EXERCISE BRIEF
Shown below are entries with pictures; the line with "Eyelashes Extension Mannequin" through the line with "Cochem, Germany - February" is the span to retype exactly, and the pictures stay out.

INFORMATION

⟨

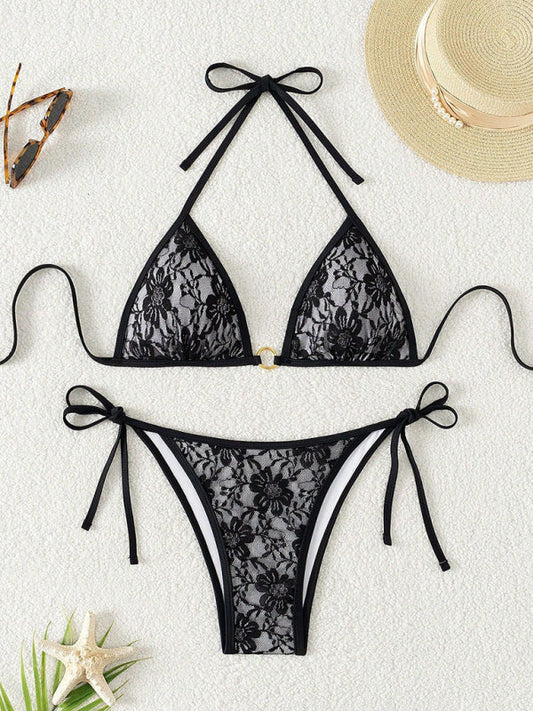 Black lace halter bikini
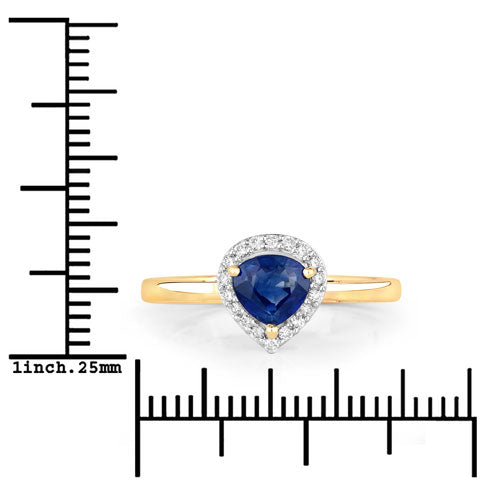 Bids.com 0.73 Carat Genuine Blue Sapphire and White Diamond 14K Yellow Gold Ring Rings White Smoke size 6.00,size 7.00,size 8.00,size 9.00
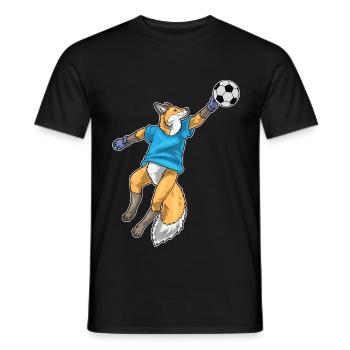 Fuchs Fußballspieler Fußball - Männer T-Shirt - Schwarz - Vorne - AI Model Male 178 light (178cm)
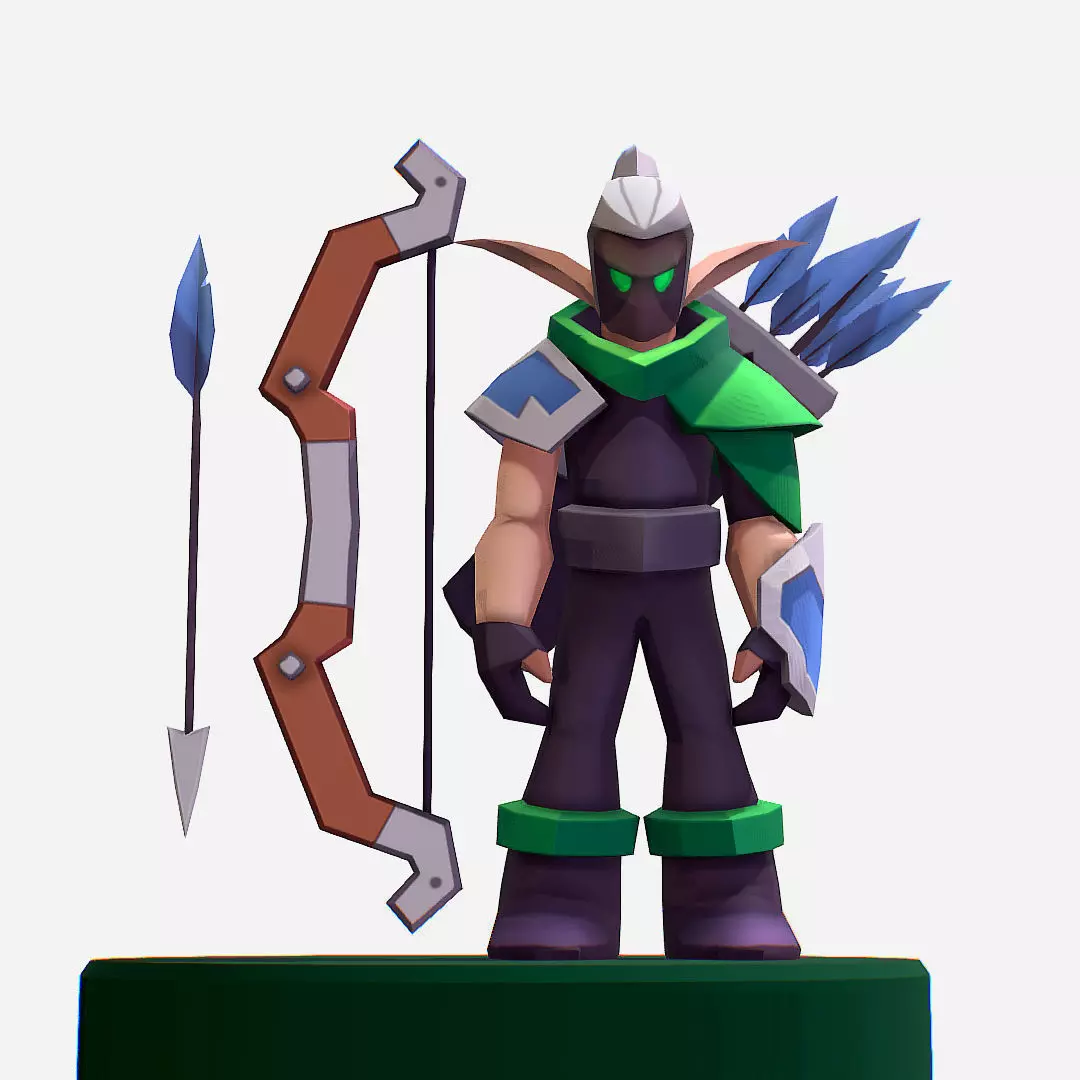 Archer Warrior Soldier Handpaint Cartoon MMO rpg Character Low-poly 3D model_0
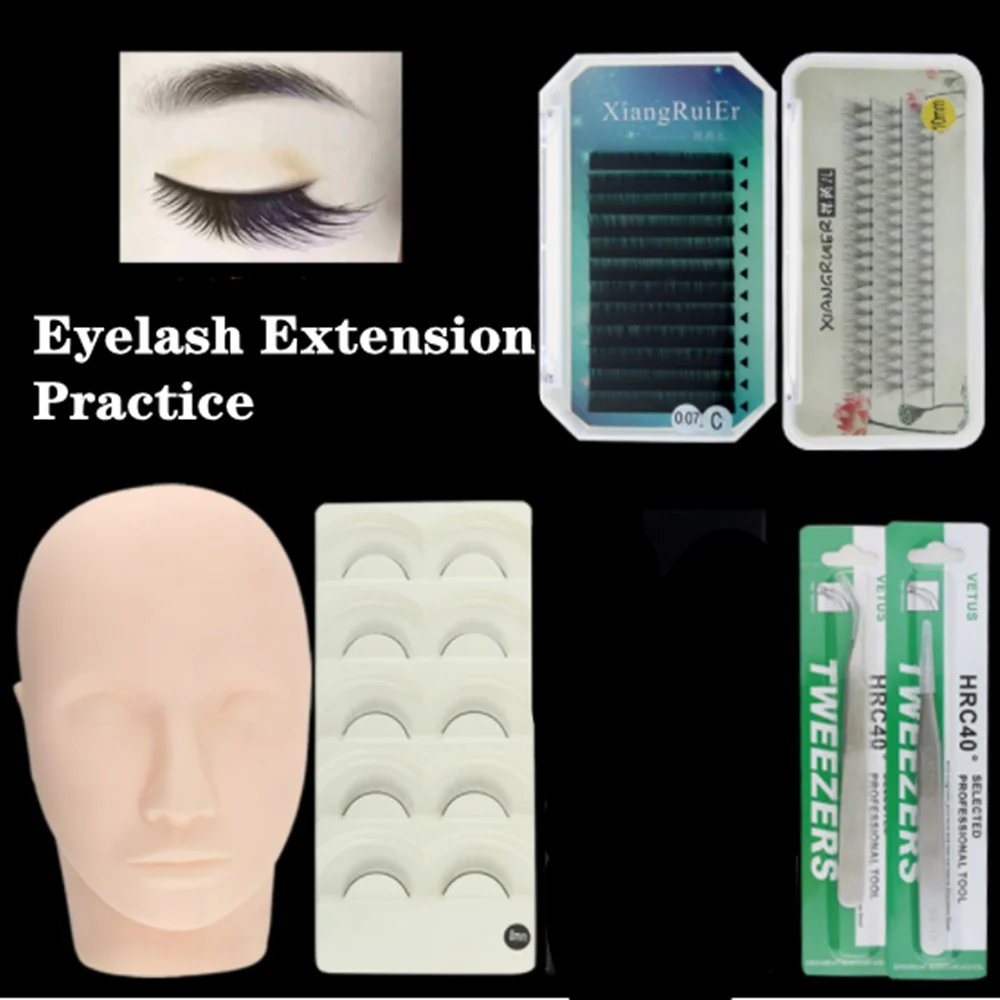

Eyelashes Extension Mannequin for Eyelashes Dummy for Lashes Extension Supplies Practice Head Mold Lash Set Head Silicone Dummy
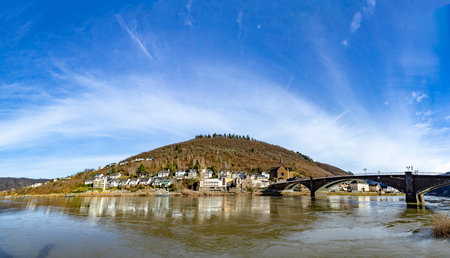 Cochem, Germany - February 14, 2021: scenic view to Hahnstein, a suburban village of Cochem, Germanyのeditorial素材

⟩
⟨

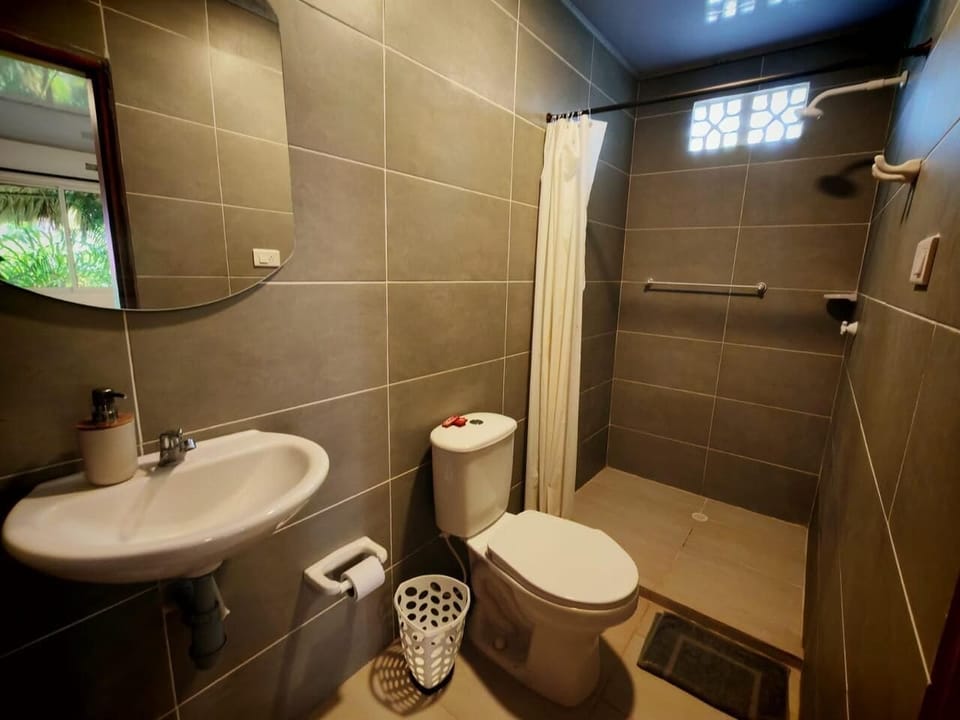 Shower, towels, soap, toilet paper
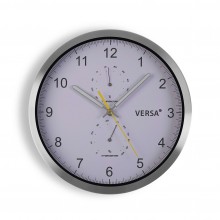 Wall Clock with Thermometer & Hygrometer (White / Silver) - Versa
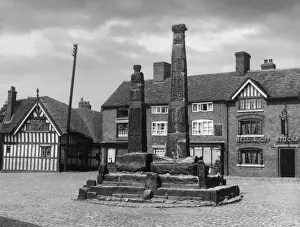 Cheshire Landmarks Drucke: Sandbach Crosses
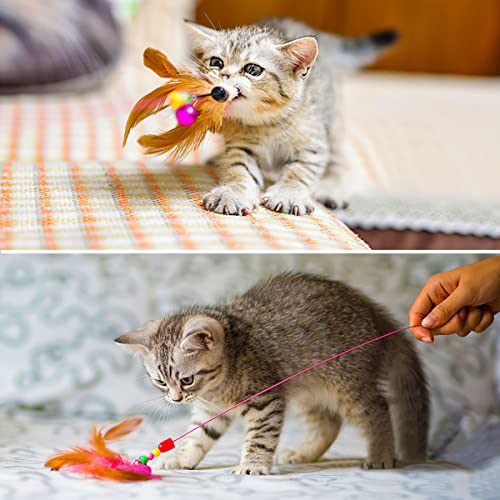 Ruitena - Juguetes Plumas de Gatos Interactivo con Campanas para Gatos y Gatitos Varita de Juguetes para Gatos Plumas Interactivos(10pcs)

⟩
⟨

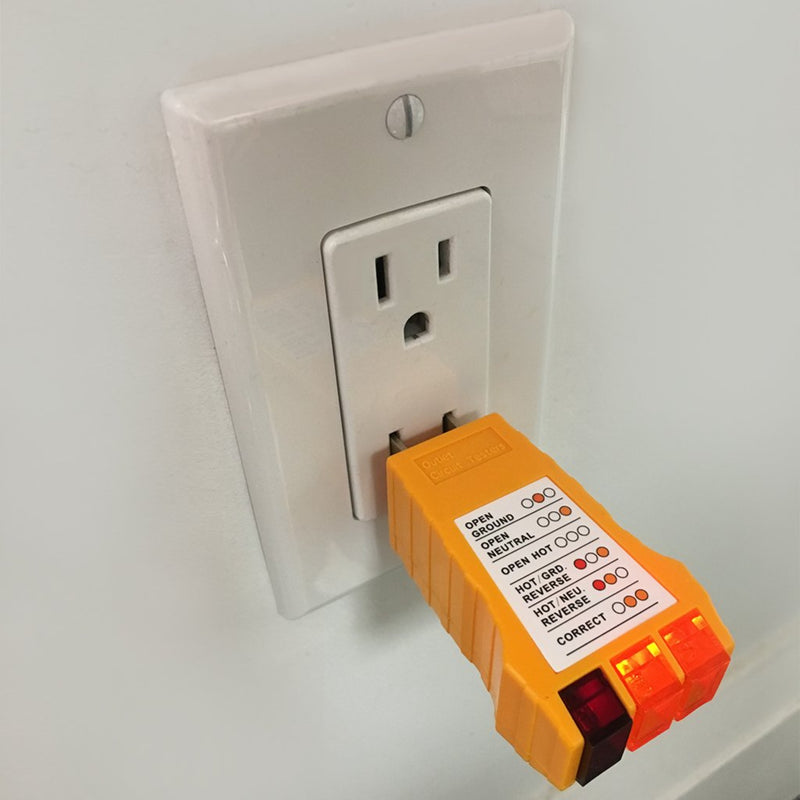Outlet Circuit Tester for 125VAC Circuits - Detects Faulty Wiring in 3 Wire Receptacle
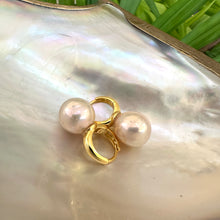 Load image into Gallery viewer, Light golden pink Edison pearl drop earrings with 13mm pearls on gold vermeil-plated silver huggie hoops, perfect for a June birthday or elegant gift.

⟩

ANSWER FOR THE TASK
Eyelashes Extension Mannequin for Eyelashes Dummy for Lashes Extension Supplies Practice Head Mold Lash Set Head Silicone Dummy
 Cochem, Germany - February 14, 2021: scenic view to Hahnstein, a suburban village of Cochem, Germanyのeditorial素材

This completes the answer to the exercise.